Two albums stand out to me, immediately. R.E.M.'s 'UP' and Nine Inch Nail's 'With Teeth'.
Not only are these two albums that seem off balance, but the albums have another element in common - at the time of recording, both bands were undergoing tremendous times of change, internally.
With R.E.M., their drummer (Bill Berry) left the band, leaving R.E.M. in a state of confusion. So much so that the band was on the brink of disbanding. Their first release, post-Berry, was 'UP'. Though the album debuted high on the charts, the album was a relative failure, selling only 900,000 copies.
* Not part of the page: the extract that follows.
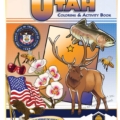 Utah State Coloring and Activity Book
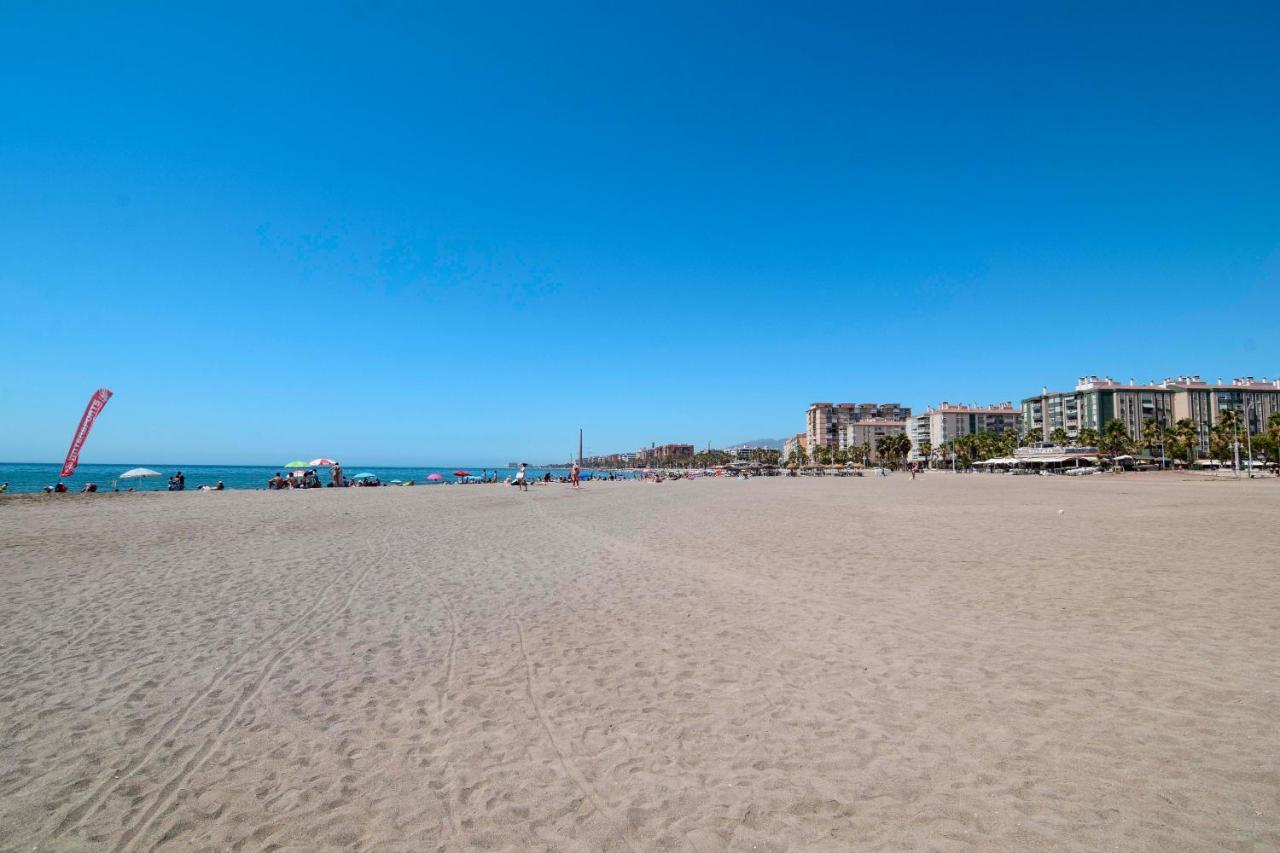 LetMalaga Huelin beach Exterior foto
Truely a transitional period for the Georgia band.
In the case of Nine Inch Nails, Trent Reznor (being the only true fixture of the band) was realizing that his lifestyle was self-destructive and not sustainable. He fell off the face of the earth for awhile to "get his life back together and (his) head screwed on straight". When Reznor was ready to get back in the game, he released, "With Teeth". Though still having elements of industrial mixed with rock, the songwriting was tremendously weaker than his previous albums. Rather than lush soundscapes of guitar and electronics, complex time signatures, and writing that appeared to take a lot of effort, "With Teeth" had straightforward writing, very few production bells and whistles - very much a recording that had the excitement of a 5 month old loaf of bread. The track 'Only' is a shining example of newly white-boxed sound of NIN. Still an okay album, just off the game NIN once had.